Short web captions:
-----
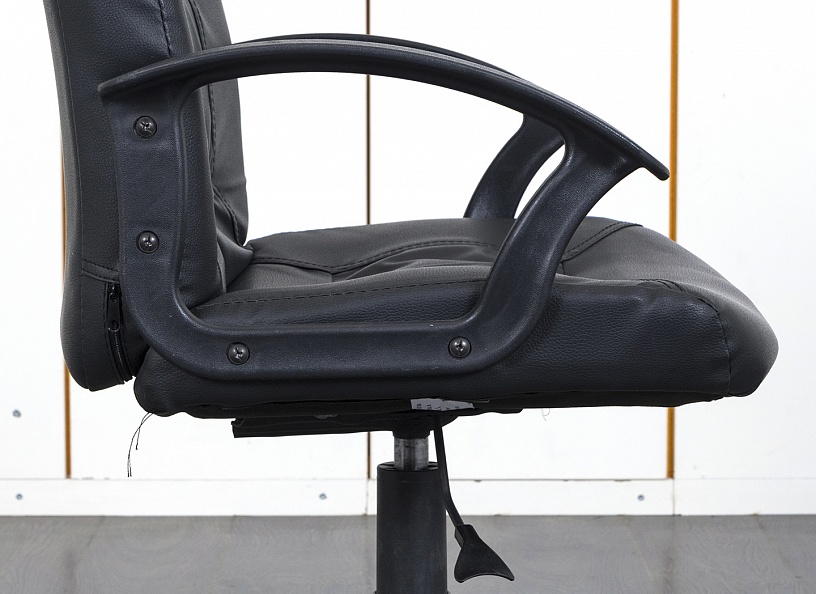 Офисное кресло для персонала   Кожзам Черный   (КПКЧ-21080)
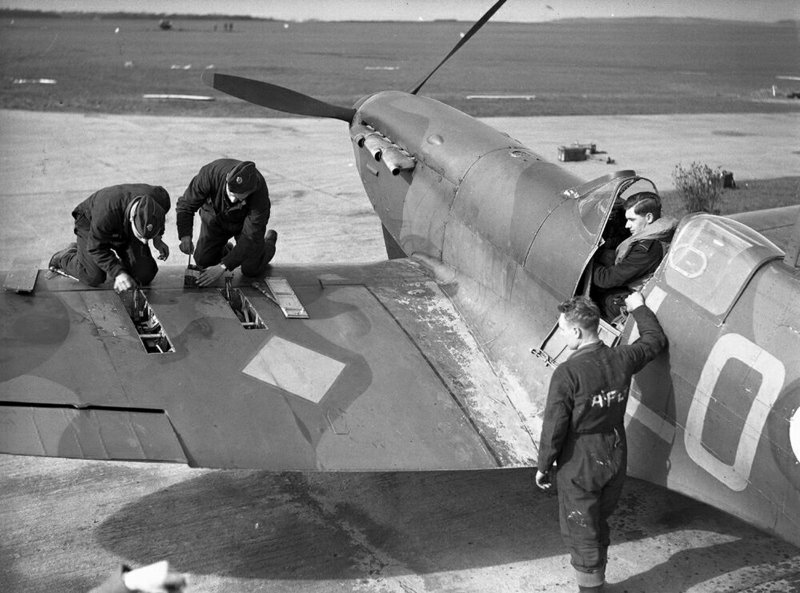 Истребитель Hawker Hurricane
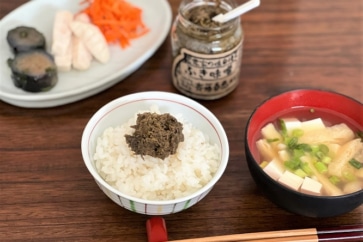 写真:農家の味をそのままビン詰め。山梨県アンテナショップの絶品「ふき味噌」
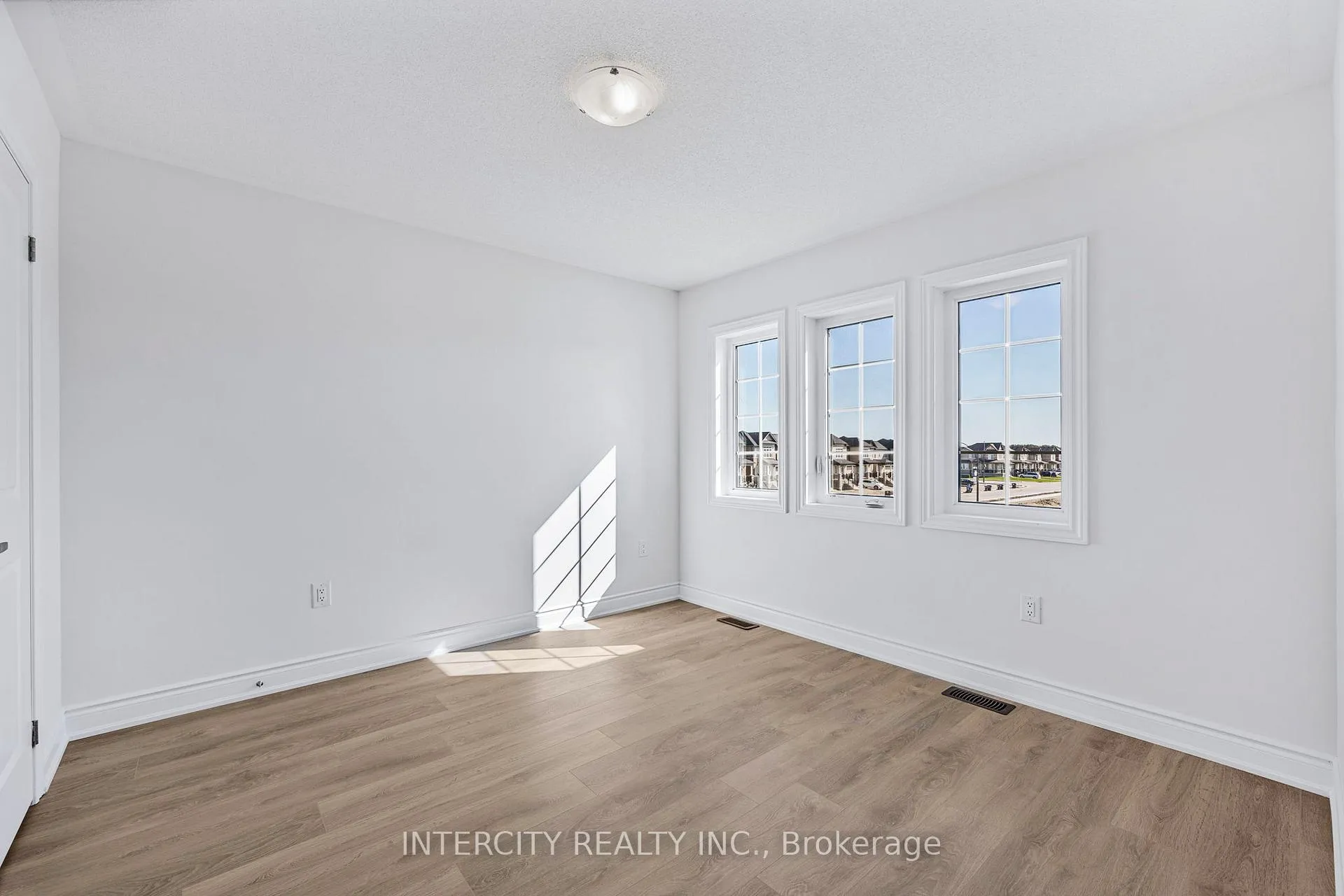 Photo 25 of 17 Mission Street, Wasaga Beach — HOMEH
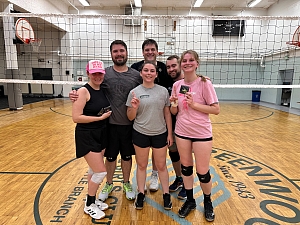 Volley Parton  Team Photo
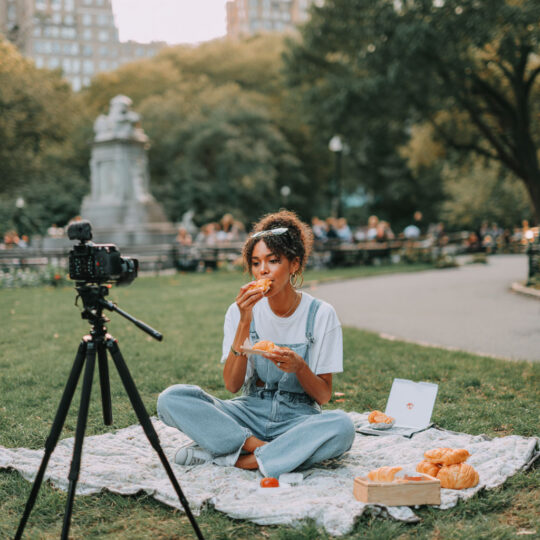 Virtuelle KI Influencer FMCG Food & Co Werbeagentur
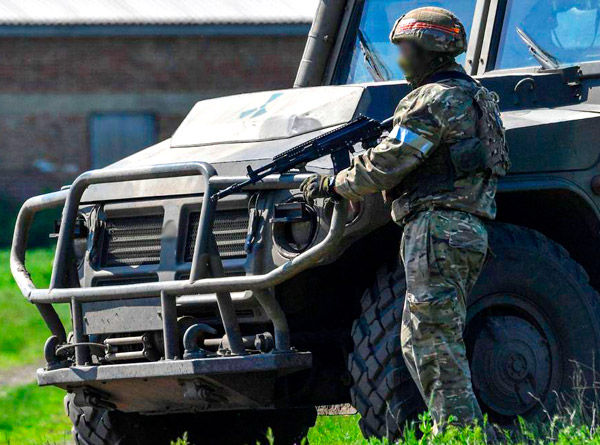 Сотрудник Росгвардии с АК-12 в зоне СВО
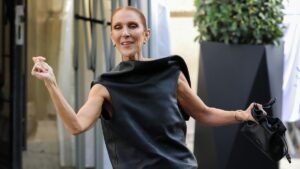 Céline Dion (58) překonává bolest: nové fotky z Paříže ukazují, jak ji podpírají! Co se za jejími úsměvy fanouškům skrývá?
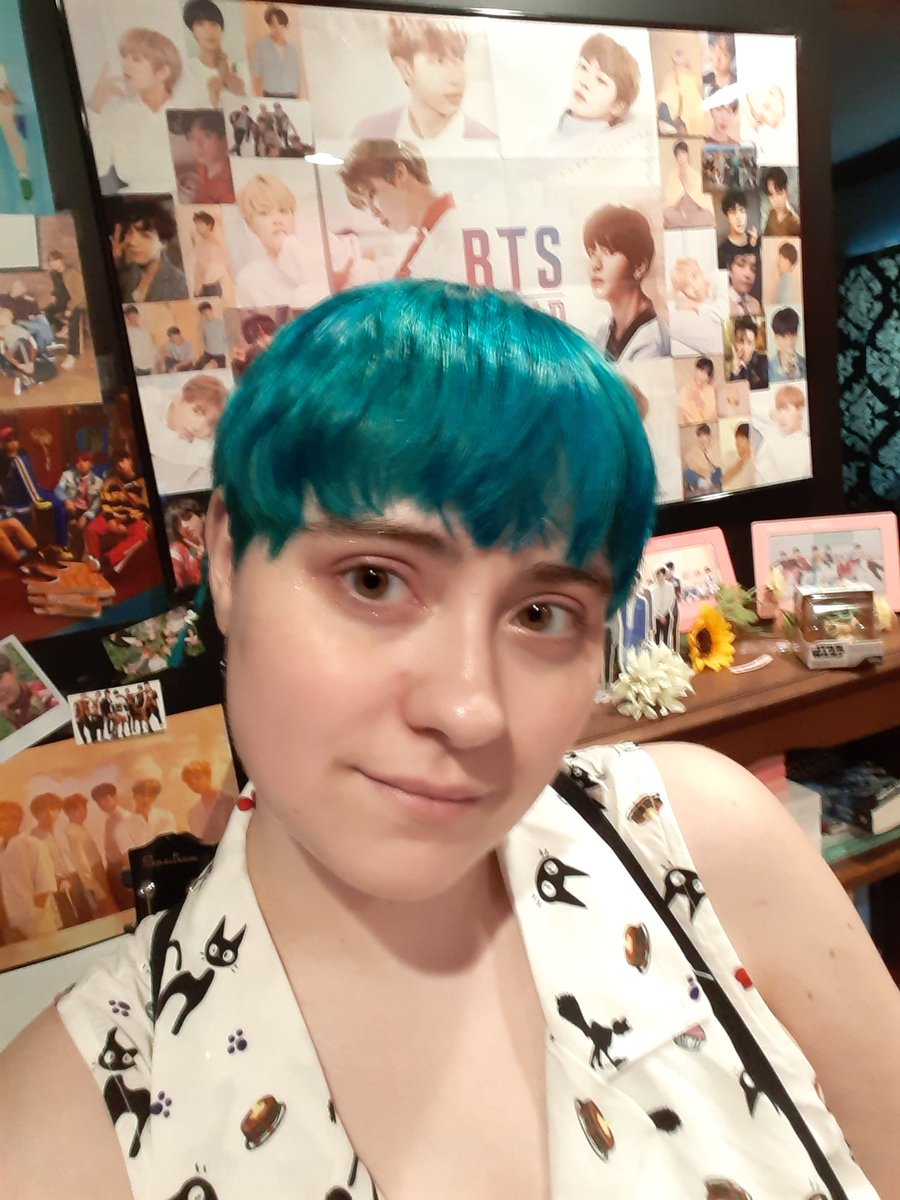 KolbMoora's tweet photo. So my hair is a new color now 😊 https://t.co/fQILsbytJ2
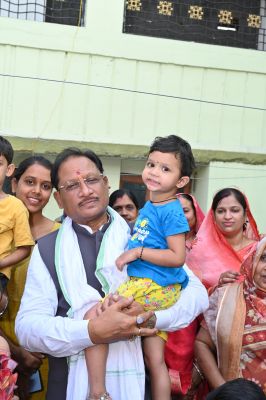 ग्राम कुसमूरा में मुख्यमंत्री विष्णुदेव साय की सादगी और आत्मीयता ने जीता दिल, पुराने सहयोगी सनत नायक के घर पहुंचकर परिवारजनों से की आत्मीय मुलाकात और घर पर साथ में किया भोजन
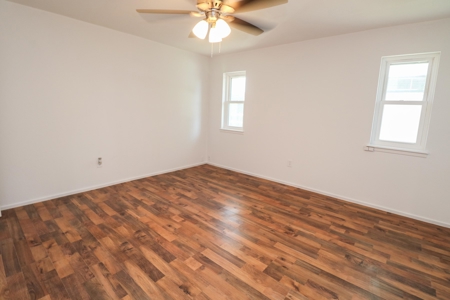 3/2 with Converted Garage, Chicken Coop & Chicken Run! - image 8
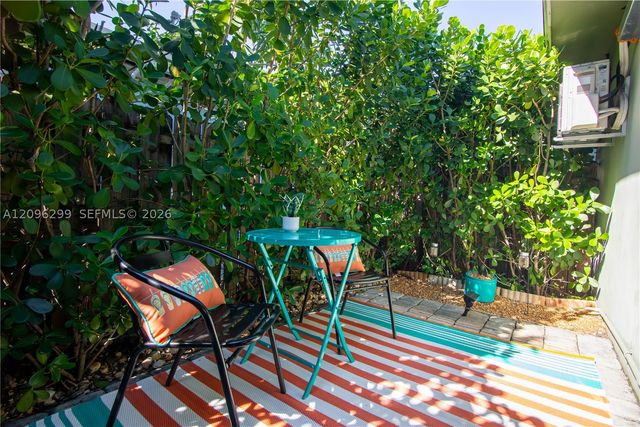 735 NE 15th St 1-4, Fort Lauderdale, FL 33304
-----
Task brief
Repeat, with no pictures, every line from the top of the entries above through the line that has "Сотрудник Росгвардии с АК-12 в зоне СВО", keeping each one exact.

Worked solution
 Офисное кресло для персонала   Кожзам Черный   (КПКЧ-21080)
 Истребитель Hawker Hurricane
 写真:農家の味をそのままビン詰め。山梨県アンテナショップの絶品「ふき味噌」
 Photo 25 of 17 Mission Street, Wasaga Beach — HOMEH
 Volley Parton  Team Photo
 Virtuelle KI Influencer FMCG Food & Co Werbeagentur
 Сотрудник Росгвардии с АК-12 в зоне СВО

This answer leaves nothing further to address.